Жюль хотел, чтобы она поняла – он слишком древний старец, чтобы проявлять к ней личный интерес, но, к стыду своему, тут же осознал, что именно это он и делает. И она все прекрасно поняла. Едва заметно она помотала головой, что означало: нет, и она страдает из-за этого.
– Необъяснимо, – сказал он. Элоди разбудила в нем все отеческие инстинкты; оказалось, он любит ее и как отец. – Абсолютно необъяснимо. Хотя, возможно, вы их пугаете, потому что они думают, что никогда не смогут быть достойными вас.
– Я бы так не сказала. Точно так же, как во всем остальном. У меня изысканные ожидания, весьма тощий кошелек, и я не хочу, чтобы меня спасали.

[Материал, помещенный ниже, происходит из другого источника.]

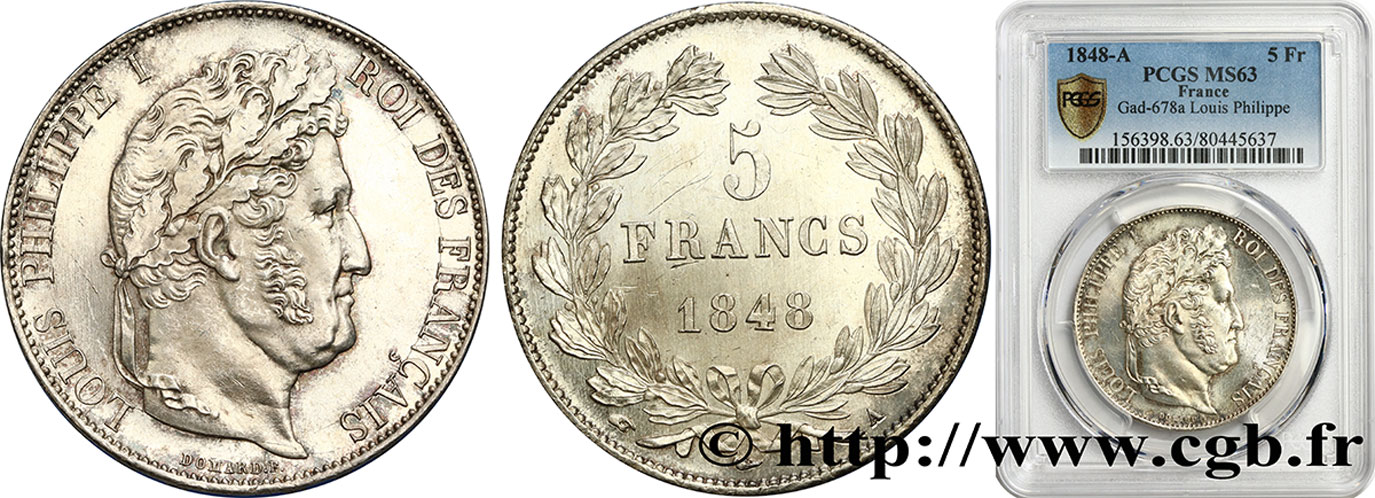 5 francs IIIe type Domard 1848 Paris F.325/17 MS63 PCGS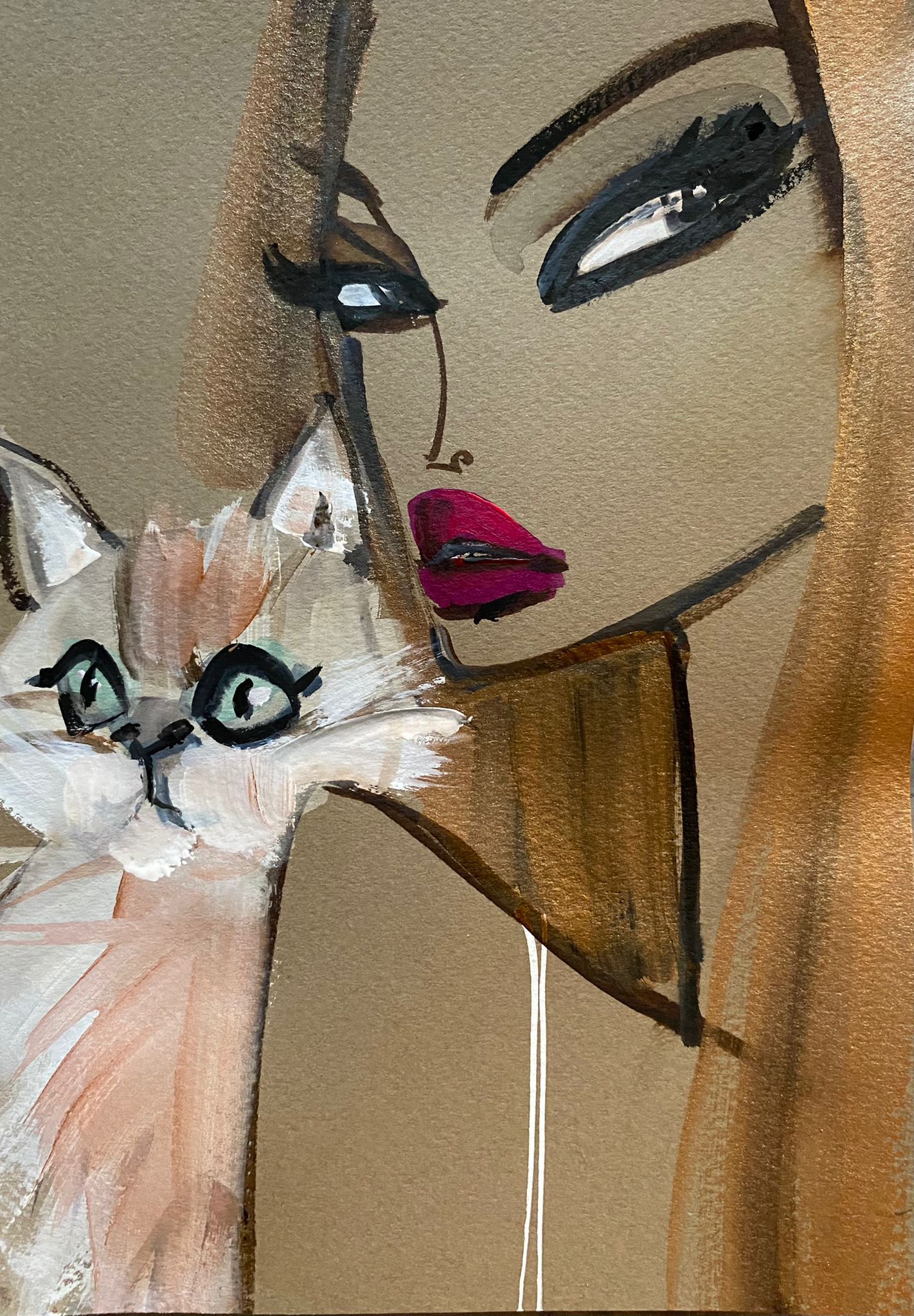 Woman with red lips and large eyes gazes at a peach and white cat. Both are set against a gold background.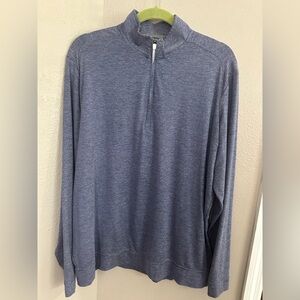 johnnie-O Navy Striped Quarter-Zip Pullover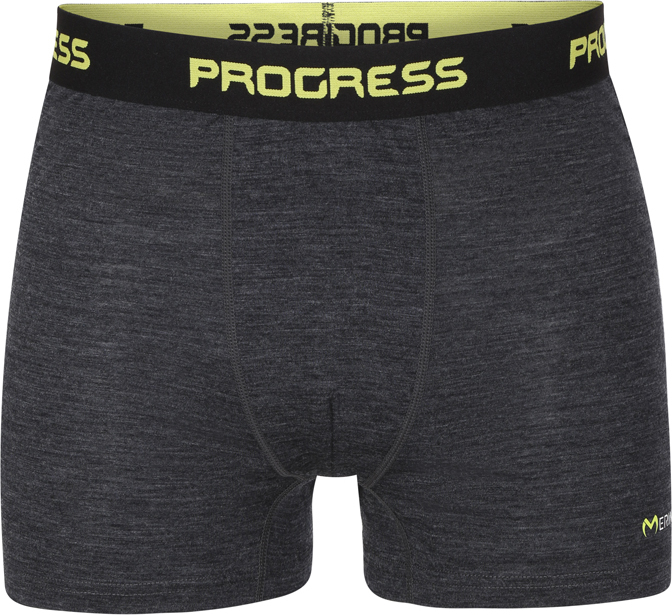 Pánské merino boxerky PROGRESS černý melír Velikost: L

– Кто-нибудь появится. Кто-то с такими же изысканными ожиданиями и таким же тощим бумажником, и вы влюбитесь без памяти. Мы с моей покойной женой – это она, – сказал Жюль, указывая на фотографию Жаклин, стоявшую на рояле: в сером костюме от Шанель она была головокружительно хороша собой, – самые счастливые годы прожили без гроша. Знаю, это клише, но вы сами увидите.
Элоди кивнула и опустила взгляд. Увидев фотографию Жаклин, она решила, что ее домыслы насчет собственной привлекательности для Жюля были одновременно неверны и вероятны. Она была так же красива, как и Жаклин, но знала, что воспоминания о тех, кого уж нет, – это исключительные, неодолимые узы для сердца.
По ее лицу Жюль понял, о чем она подумала, но вместо того, чтобы объяснить ей – да и как тут объяснить? – что нынешняя его тяга к Элоди не что иное, как власть Жаклин в ее отсутствие, он сменил тему:
– Я был невнимателен – и прошу прощения. Следующий урок состоится в классе в Городе музыки.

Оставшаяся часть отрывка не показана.